### What is being asked
Starting with the line that holds "BRACELETE COURO PRETA 20MM MALLORCA" and stopping after the line that holds "SAVAGE Barbell Olive", repeat the lines below word for word, without the pictures.

### Data under study
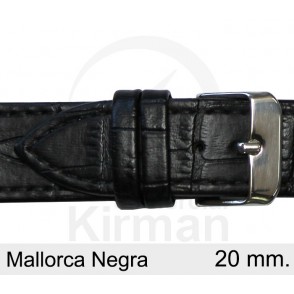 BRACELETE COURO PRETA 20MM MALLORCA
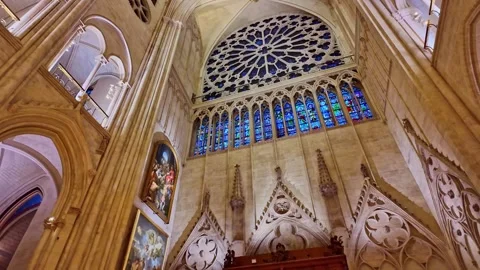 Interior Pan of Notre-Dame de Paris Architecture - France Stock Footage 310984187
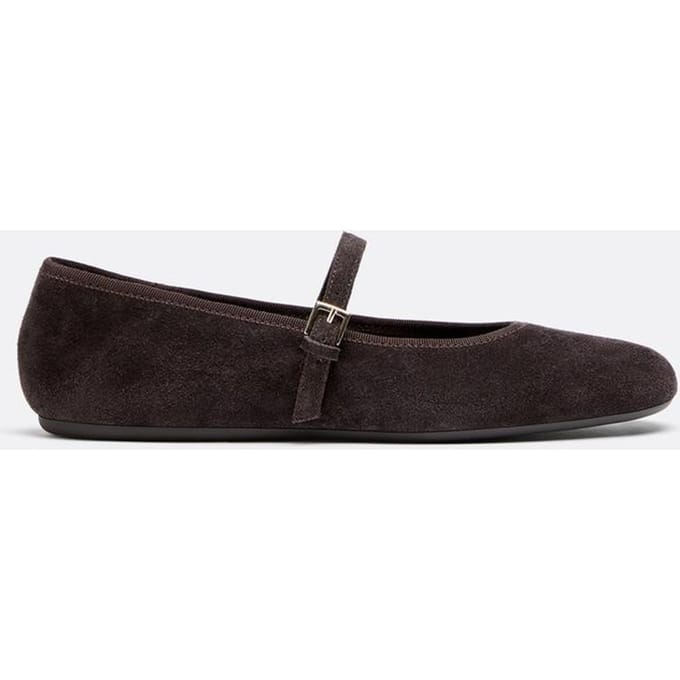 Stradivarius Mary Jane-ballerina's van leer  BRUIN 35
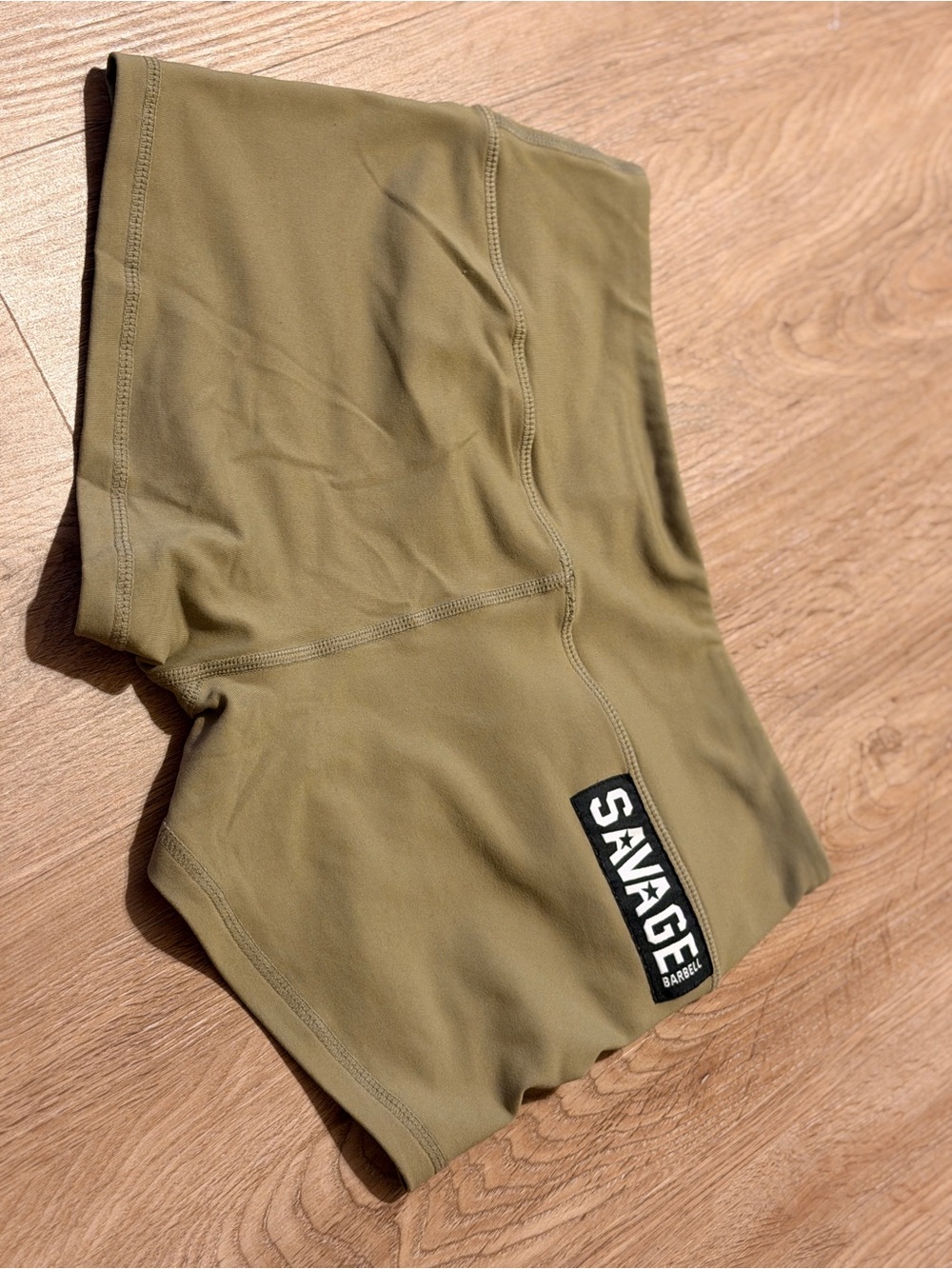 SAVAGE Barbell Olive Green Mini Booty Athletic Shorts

==

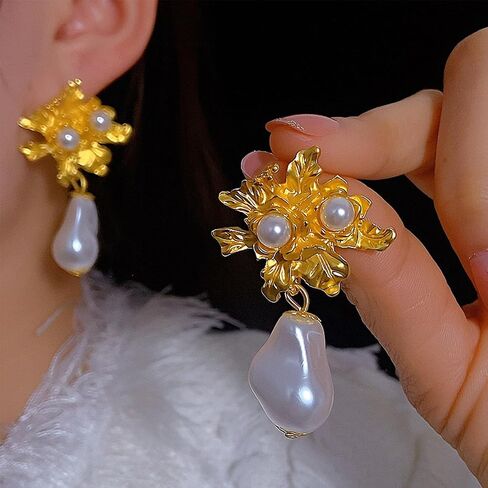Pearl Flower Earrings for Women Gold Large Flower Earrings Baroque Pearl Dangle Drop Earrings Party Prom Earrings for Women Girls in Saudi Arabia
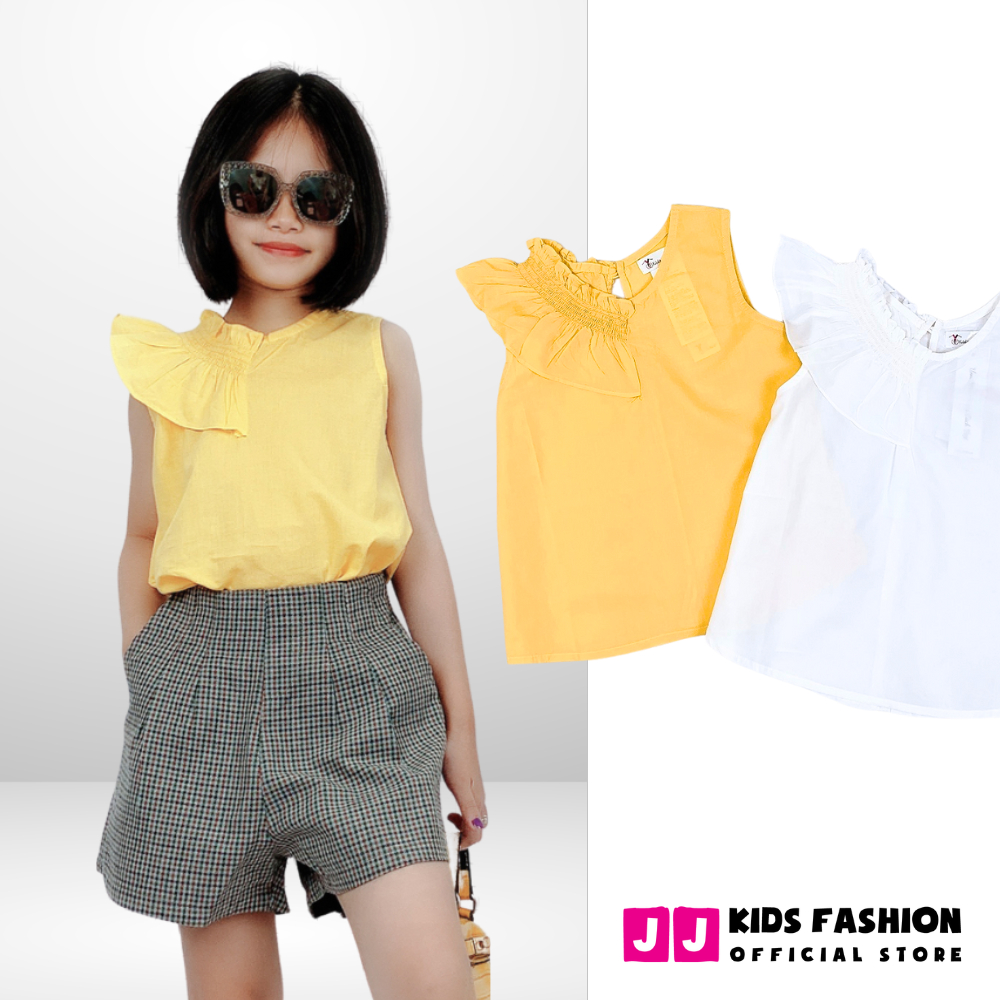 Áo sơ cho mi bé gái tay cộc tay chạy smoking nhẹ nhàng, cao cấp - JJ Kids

---

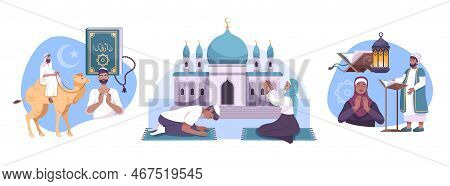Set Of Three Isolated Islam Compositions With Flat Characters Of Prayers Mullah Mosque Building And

### Output below
 BRACELETE COURO PRETA 20MM MALLORCA
 Interior Pan of Notre-Dame de Paris Architecture - France Stock Footage 310984187
 Stradivarius Mary Jane-ballerina's van leer  BRUIN 35
 SAVAGE Barbell Olive Green Mini Booty Athletic Shorts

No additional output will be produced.